• _What the task asks_
Transcribe exactly, and without pictures, the lines from the one that contains "Image for The fiddler, haiku and senryu" through the last line of the material.

• _Data_
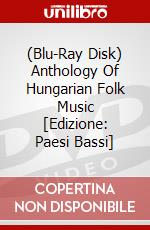 (Blu-Ray Disk) Anthology Of Hungarian Folk Music [Edizione: Paesi Bassi] brd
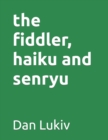 Image for The fiddler, haiku and senryu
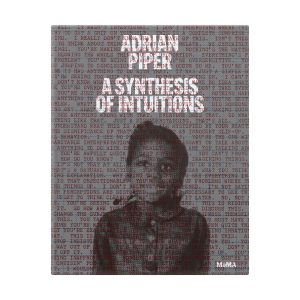 Adrian Piper: A Synthesis of Intuitions. 1965–2016 - Hardcover
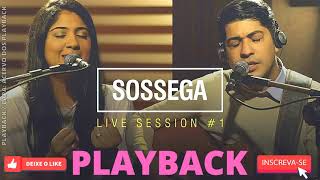 CANÇÃO E LOUVOR  SOSSEGA PLAYBACK MELHOR QUALIDADE LIVE SESSION 1 [upl. by Silsbye]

• _Written solution_
 Image for The fiddler, haiku and senryu
 Adrian Piper: A Synthesis of Intuitions. 1965–2016 - Hardcover
 CANÇÃO E LOUVOR  SOSSEGA PLAYBACK MELHOR QUALIDADE LIVE SESSION 1 [upl. by Silsbye]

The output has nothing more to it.